W illiam paced the length of his bedchamber in Albemarle Park, the soles of his boots muted by the thick Persian rug. The silence—it made him deaf. Even the servants had tiptoed around him since his arrival last week. Coming here had been pointless. Instead of soothing him, the absence of music only deepened the pain.

If the sprite had respected his grief under his mother’s roof, she now returned with cruel insistence, haunting his sleep without mercy.

He glanced from the tin of sleeping pills to the vast four-poster bed. His hand trembled. Take the damn pill. Take it. Control yourself.

The former dukes of Albemarle stared down at him from their lofty perches on the wall. Across the chamber, the portrait of his father gazed down with somber expectation—the embodiment of honor and restraint, a man who had served his country with stoic distinction. His great-great-grandfather must be rolling in his grave. That man had risked his head to restore King Charles II to the throne. And here was William, paralyzed before a pill.

He pressed his fingers to his temples. What right had his mother to ask him to forsake Helene? He hadn’t accepted her choice, and she’d died denying his. How fitting. How utterly pointless. If he’d had more time, perhaps he could have convinced her—could have explained that Helene—Who was he fooling?

It wasn’t about Helene. It was about him. About the part of him that always craved what he could never have. Even now, with his mother newly buried, he battled the urge to return to her.

To Helene.

His mother had asked for one thing only: that he honor the family name. That he protect his father’s legacy. He couldn’t stain the Albemarle name. Not with this. What right had he to blacken a wall lined with trophies?

William hastened his steps. If he could pace fast enough, he might outrun the urge to return to Helene.

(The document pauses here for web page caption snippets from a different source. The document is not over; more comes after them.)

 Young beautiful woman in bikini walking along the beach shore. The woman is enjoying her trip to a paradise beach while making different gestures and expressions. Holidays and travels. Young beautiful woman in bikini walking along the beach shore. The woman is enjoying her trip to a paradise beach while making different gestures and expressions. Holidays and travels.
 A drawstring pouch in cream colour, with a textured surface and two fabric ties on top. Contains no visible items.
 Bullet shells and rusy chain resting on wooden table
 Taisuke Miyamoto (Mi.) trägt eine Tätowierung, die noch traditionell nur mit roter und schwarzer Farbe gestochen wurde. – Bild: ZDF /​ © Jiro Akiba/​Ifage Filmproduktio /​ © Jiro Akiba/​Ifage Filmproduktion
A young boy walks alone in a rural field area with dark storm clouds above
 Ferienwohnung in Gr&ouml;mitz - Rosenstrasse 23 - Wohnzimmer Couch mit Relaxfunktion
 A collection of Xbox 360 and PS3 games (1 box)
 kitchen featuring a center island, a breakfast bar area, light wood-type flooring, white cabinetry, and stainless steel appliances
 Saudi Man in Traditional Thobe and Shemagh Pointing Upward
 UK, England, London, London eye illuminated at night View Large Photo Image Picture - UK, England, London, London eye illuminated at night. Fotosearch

Unable to breathe, he threw open the shutters. A shaft of moonlight penetrated the room, painting his hand in a bluish hue. His skin tingled at the memory of Helene’s touch. The ghostly sensation haunted his fingertips, his arms, the curve of his neck—places her hands had once roamed. Pain bloomed in his heart, sweet, all-powerful.

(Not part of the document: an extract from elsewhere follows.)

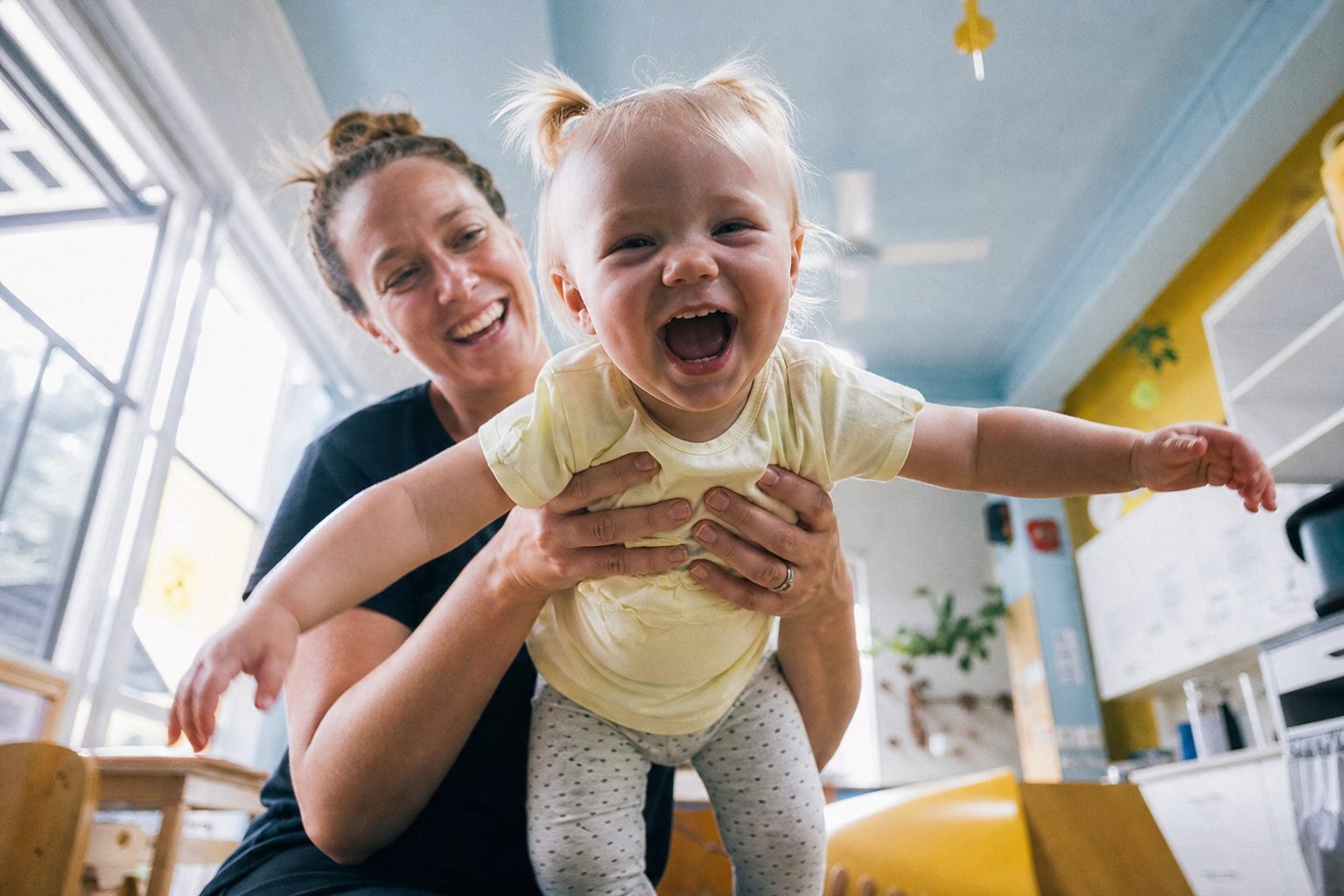 Educator holding a laughing baby up to the camera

The cursed moon was to blame, igniting this—this endless ache. If only he could sleep it off.

He grabbed the tin, staring at the sickly white pills. Take it, damn you. Stop the dreams. Cut this passion from your flesh. But his vision swam, and the pills blurred into slithering worms. His heart thundered, a knot tightening in his gut. Why couldn’t he do it? Images of Helene flooded his mind—her playful defiance, the sound she made when she slept, the fathomless depths of her eyes when she danced for him.

William let out a bitter laugh—the wealthiest man in the country couldn’t afford the luxury of a dream.

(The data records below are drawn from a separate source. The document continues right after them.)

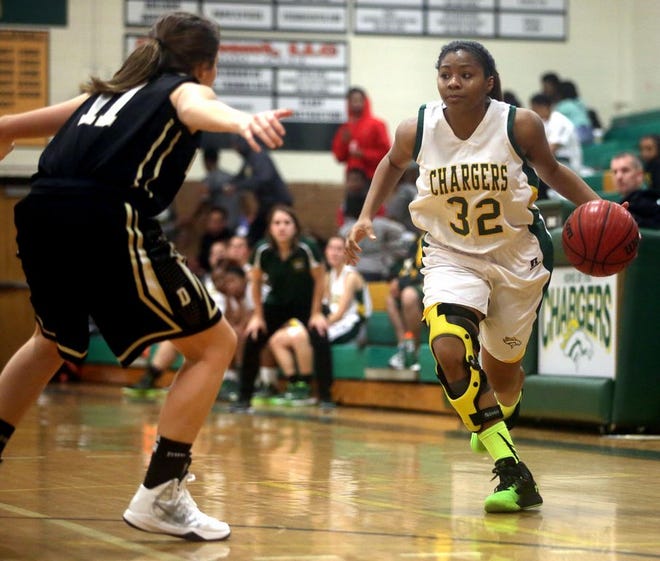 Crest’s Tamara Adams, 32, looks for an opening to get past Draughn Abi Norris during Tuesday’s SMAC contest at Ed Peeler Gym. Draughn topped the Lady Chargers, 62-54.
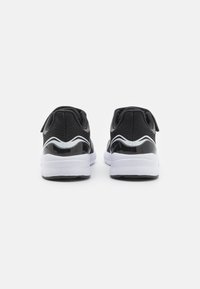 Baskets de sport noires avec une tige en mesh texturé, des accents brillants et une semelle intermédiaire blanche. Présente un motif ondulé blanc contrastant à l'arrière.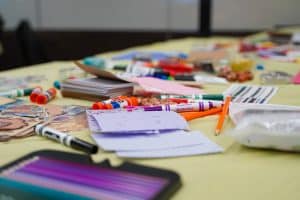 Table filled with markers of different colors, paper and glue sticks.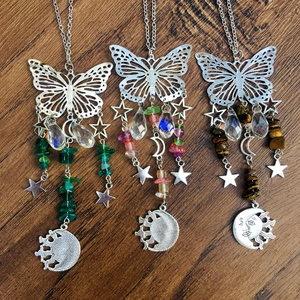 Detailed silver butterfly suncatchers with crystal beads and celestial sun moon charms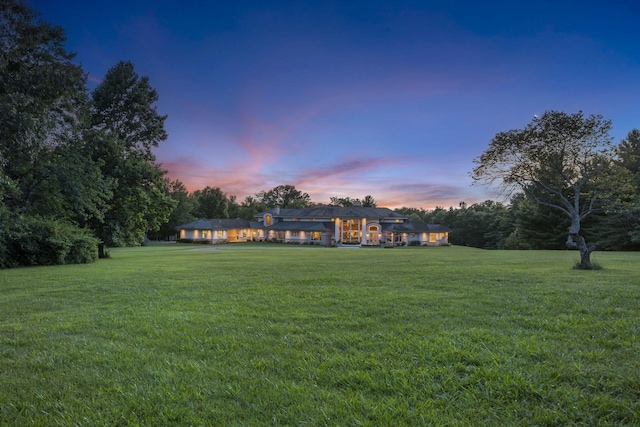 318 S Farm Rd Unit 193, Springfield, MO 65809 - yard at dusk with a lawn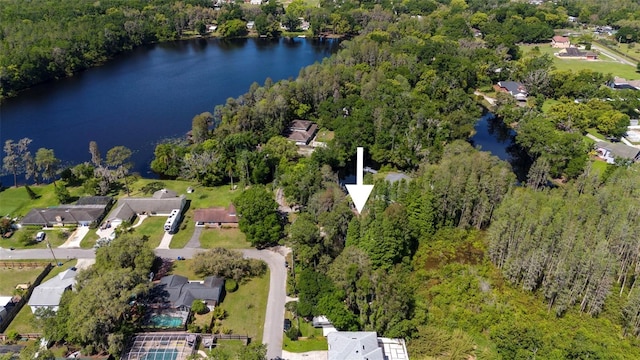 bird's eye view with a forest view, a water view, and a residential view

His legs carried him in a frenzy around the room. As the hearth’s light faded, the portraits changed—no longer noble, only accusing.

He stopped, panting, the walls spinning around him. His ancestors glared down, unmoved.

“Enough!”

They could have their legacy, but not his thoughts. No one could steal his dreams. In his dreams, Helene was his, and damn them all.

With a roar, he hurled the tin at the wall.

Spent, he collapsed into bed. The silk sheets were a poor substitute for Helene’s homespun covers.

Chest hollow, he shut his eyes and begged sleep to come.

Please come, Little One. I’m tired of being alone.